Try a Cinquain

A cinquain poem is 5 lines long. It has a one word title. Two describing words. Three action words. Four feeling words. Then one synonym for the title (on the fifth line). Try one! Mine is below.

Smile
Open, mysterious.
Twisted, curving lips.
Curious, shy, never expected.
Facetious.

If you want to know more about cinquains:

Cinquain.org – “A scholarly exploration of the American cinquain as popularized by Adelaide Crapsey.”

Amaze – The cinquain journal (online but not updated often).

From PoeWar:

Cinquain, despite its French-sounding name, is an American poetry form that can be traced back to Adelaide Crapsey. Crapsey, influenced by Japanese haiku, developed this poetic system and used it to express brief thoughts and statements. Other poets who popularized the form were Carl Sandburg and Louis Utermeyer.

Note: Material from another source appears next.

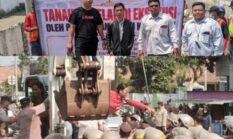Proses Eksekusi Tanah di Paiton Diwarnai Penolakan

While the form does not have the extensive popularity of haiku, it is often taught in public schools to children because of the form’s brief nature.

Most cinquain poems consist of a single, 22 syllable stanza, but they can be combined into longer works. A cinquain consists of five lines. The first line has two syllables, the second line has four syllables, the third line has six syllables and the fourth line has eight syllables, the final line has two syllables.